マレーシアの居住者になると、年金は、マレーシアにおいてのみ租税を課することができるということですから、日本では課税されないということです。

 これは、年金の話であり、他の所得は当てはまりません。日本を源泉とした所得は原則として日本で課税されます。年金が租税条約による例外なのです。

参考リンク http://longstay.yourcpa.jp/taxagreement.pdf

共済年金(公務員の方)の場合

第11条2 政府の職務の遂行として提供された役務につき、日本国の国民である個人に対し、日本国政府によつて支払われる報酬又は日本国政府により若しくは日本国政府が拠出した基金から支払われる退職年金については、マレイシアの租税を免除する。ただし、その個人がマレイシアの市民である場合及び永住のためマレイシアに入国することを許可された者である場合は、この限りでない。

http://longstay.yourcpa.jp/taxagreement.pdf

 公務員の方の年金は、「日本国政府が拠出した基金から支払われる退職年金」です。マレーシアの租税が免除されるということは、逆に言うと、日本が課税できるということになります。

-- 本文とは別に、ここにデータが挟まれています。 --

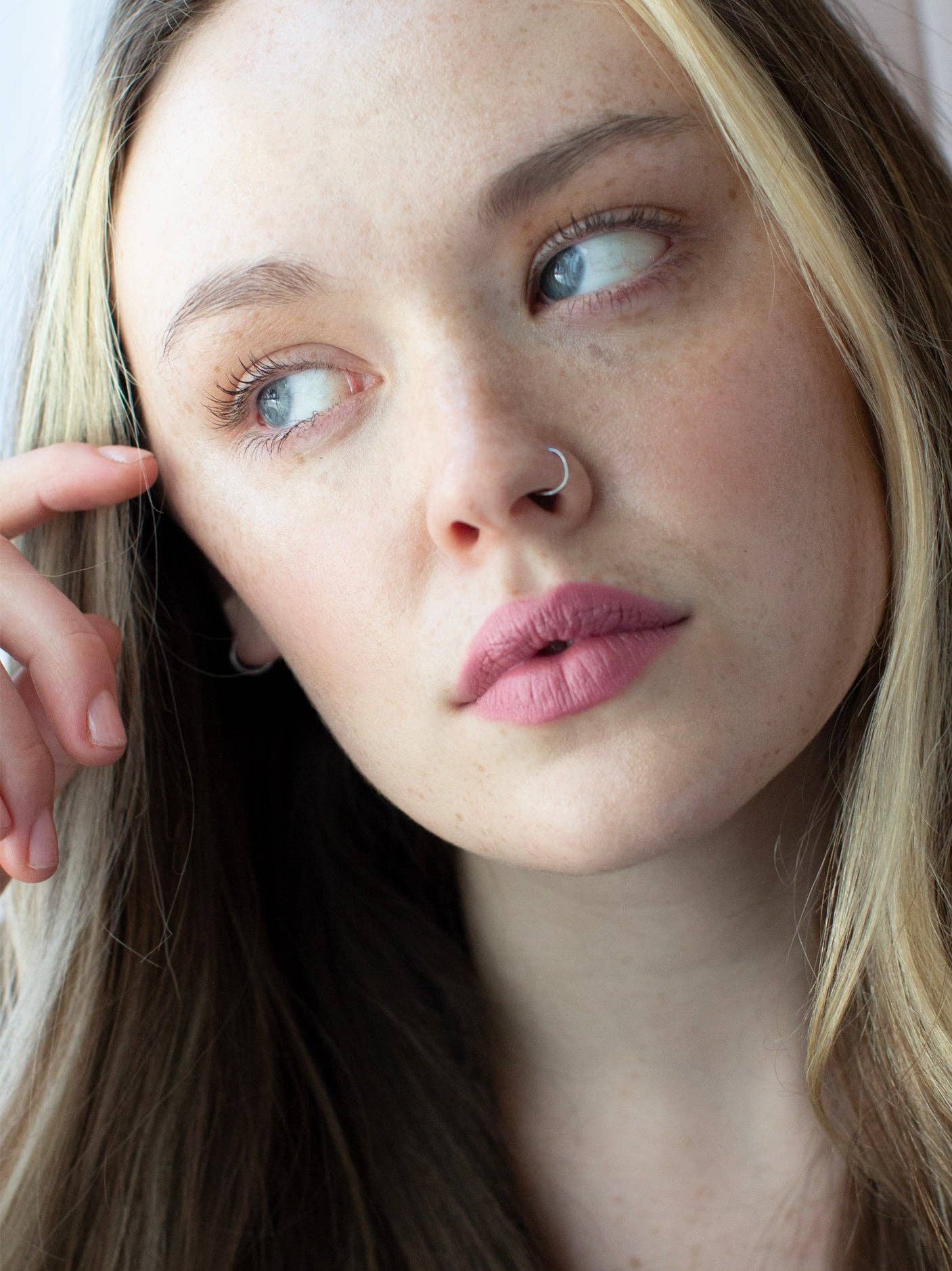 Au Naturale Cosmetics - Wholesale Lip Stain/Dye/Tint - su/Stain Semi-Matte Lip Stain45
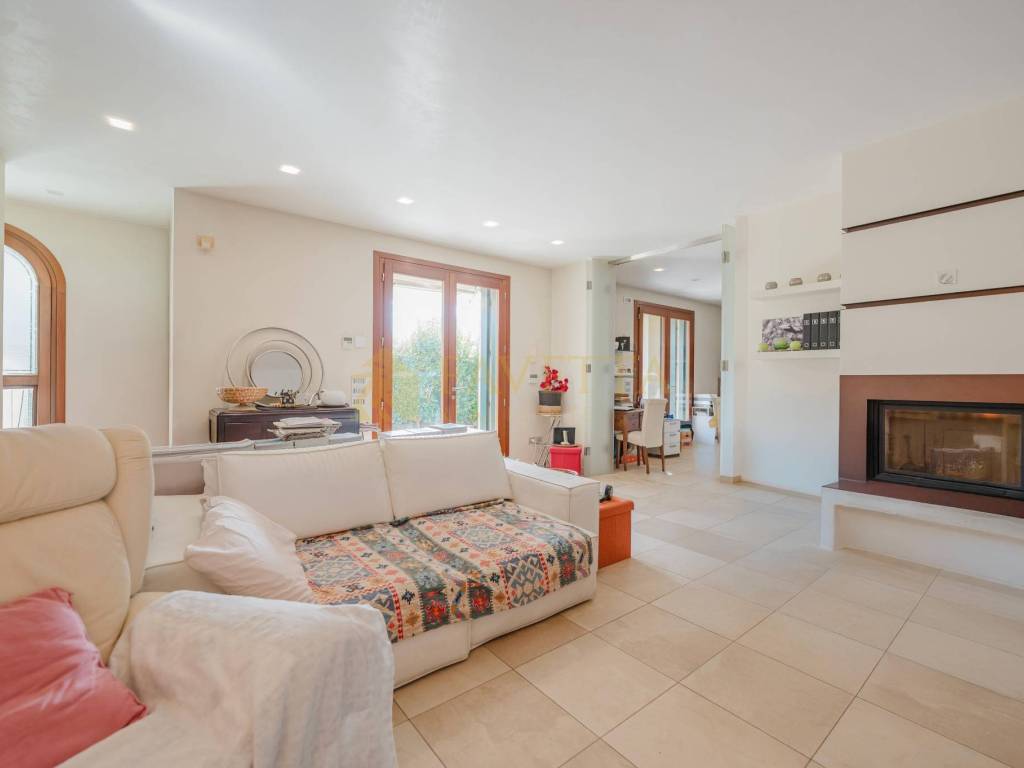 Villa a Quinto di treviso - Foto 3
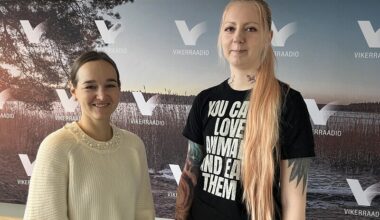 Keelesaade. Helin Kase ja Geidi Kilbiga mitmekeelsest virtuaalruumist | Vikerraadio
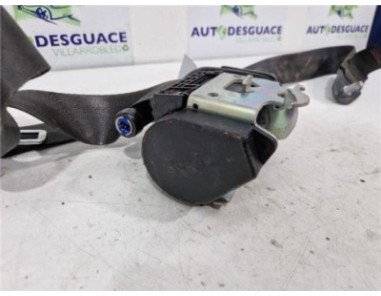 Cinturon Seguridad Delantero Izquierdo Peugeot 508  1 6 Access [1 6 Ltr  - 82 kW HDi FAP]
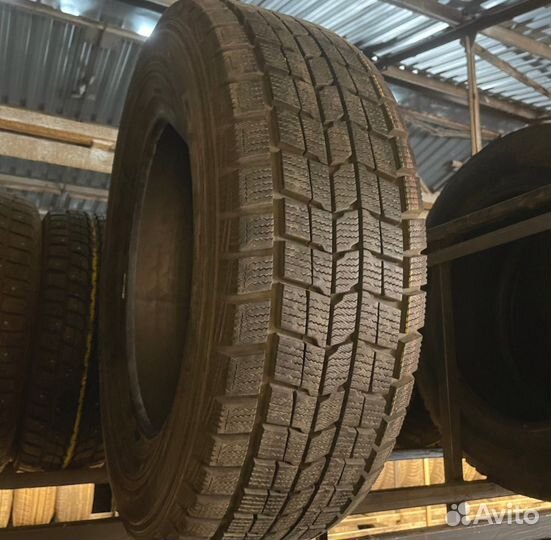 Nokian Tyres Nordman RS2 SUV 215/65 R16 98M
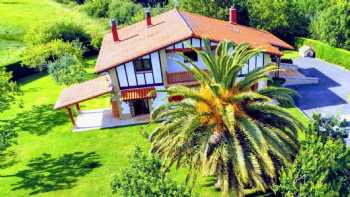 Casa Rural La Palmera - Landetxea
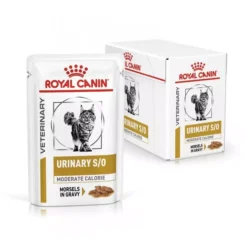 ROYAL CANIN® Feline Urinary S/O Moderate Calorie Adult Cat Food 19 ROYAL CANIN® Feline Urinary S/O Moderate Calorie Adult Cat Food -Petties Zone urinary so moderate calorie kr2c.jpg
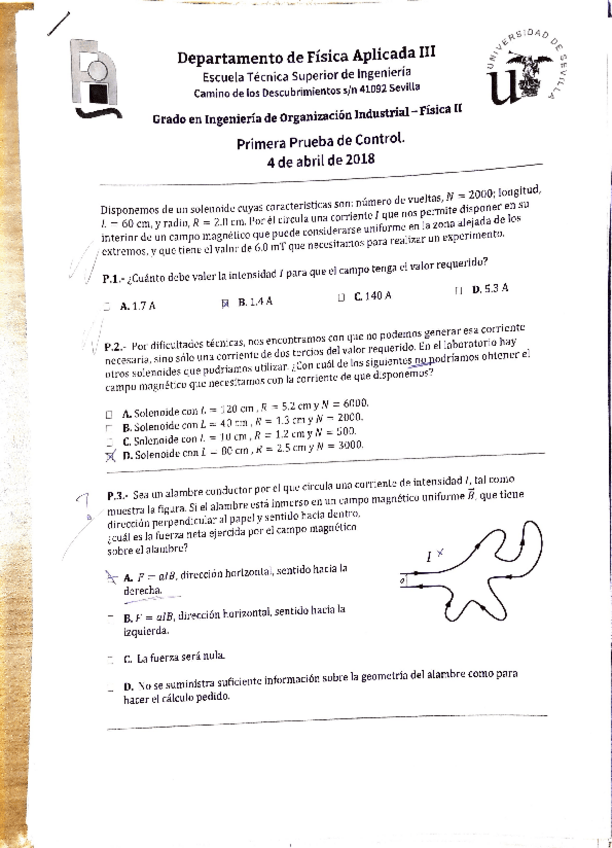 Miniatura del documento GIOI Primer Parcial Fisica y Formulario.pdf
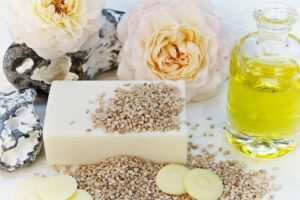 Biotherm Lait Corporel L Original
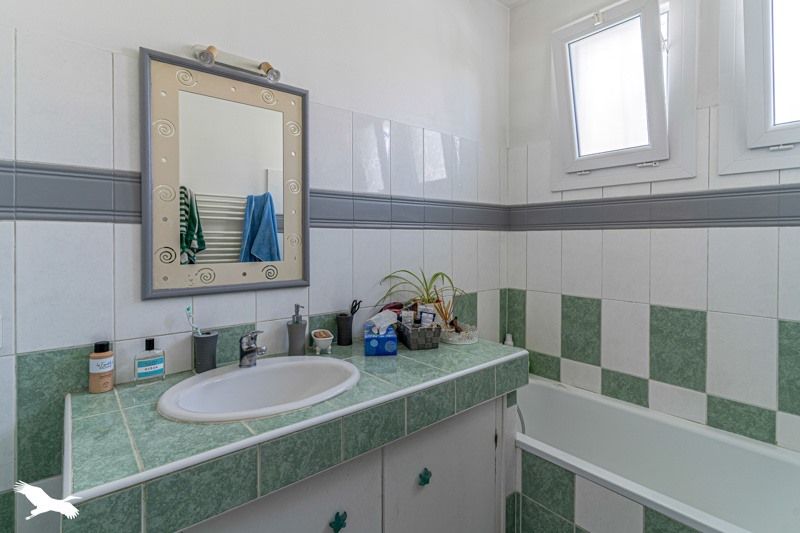 Vente Maison VILLENAVE D ORNON - 4 pièces -81 m² - (33140)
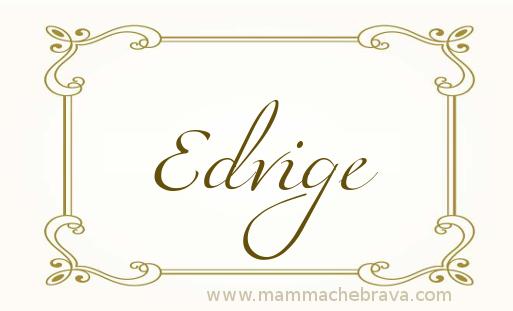 Edvige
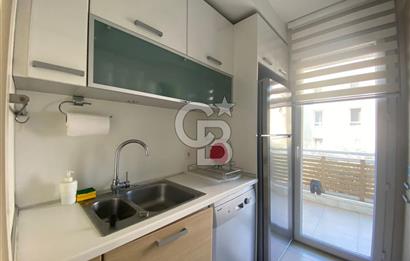 Soyak Siesta 1. Etap ta 2+1 Eşyalı Kiralık B Tipi Daire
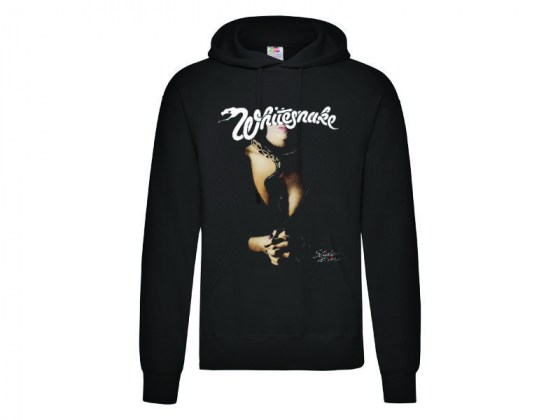 Sudadera WhiteSnake - Slide It In
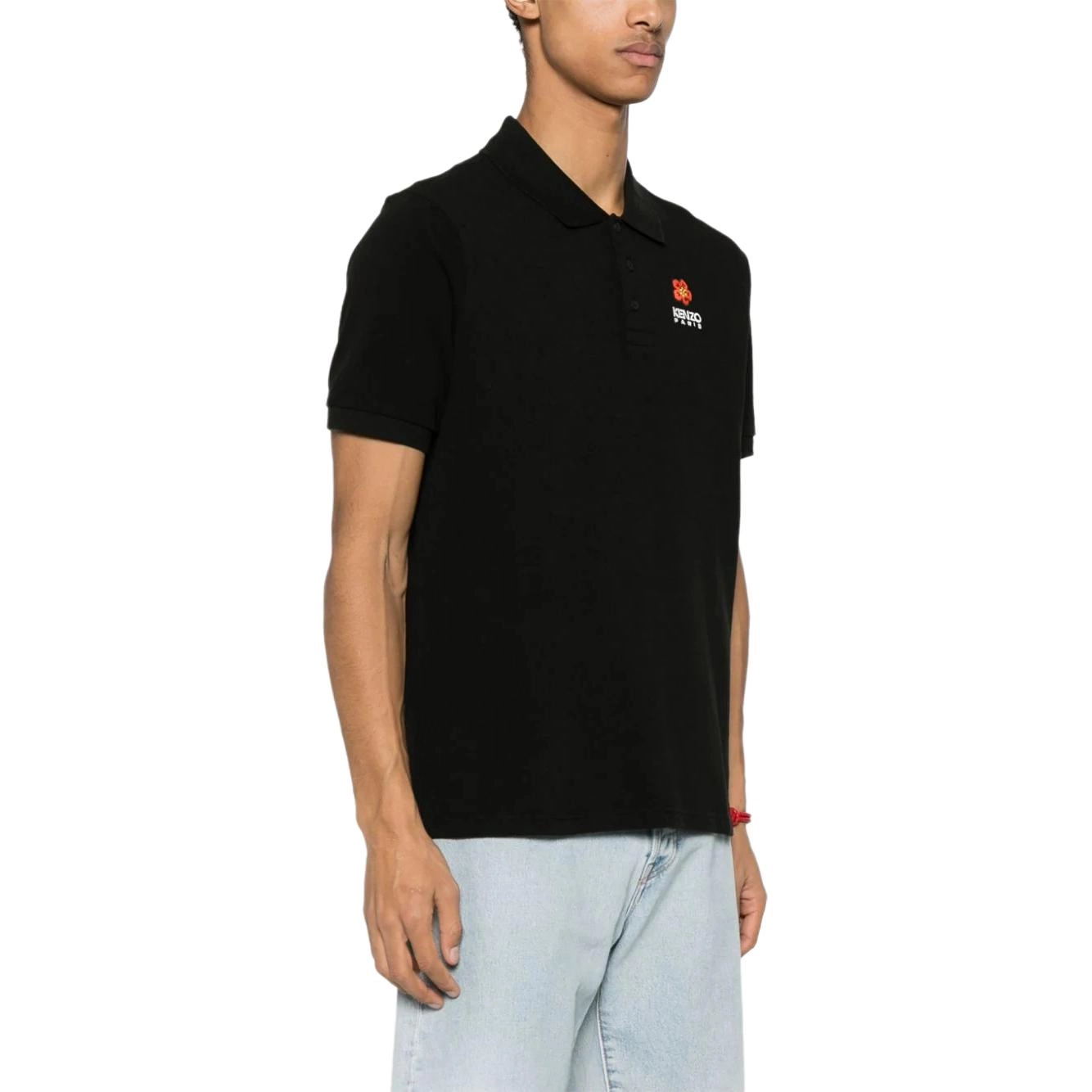 KENZO SS24 LogoPolo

 マレーシアに帰化するか永住権を獲ない限り、公務員の共済年金は日本の課税権が有効ですので、「非居住者の税額である源泉分離課税」で天引きということになります。

TONE
TONE

公務員のかたの共済年金は、民間とは異なり、日本で課税されます。

 日本非居住者であることと、マレーシア居住者であることが、結構混同されているのではないでしょうか?日本の税制と2国間の租税条約をきちんと分けて理解しておくことが必要です。

TONE
TONE

 なお、この記事は、税務署や税理士に確認した内容ではありません。条約や法の解釈に誤りがあるかもしれません。実践に当たっては、個人によって事情も異なりますので、この記事を鵜呑みにせず、専門家に確認するなど、慎重に対応してください。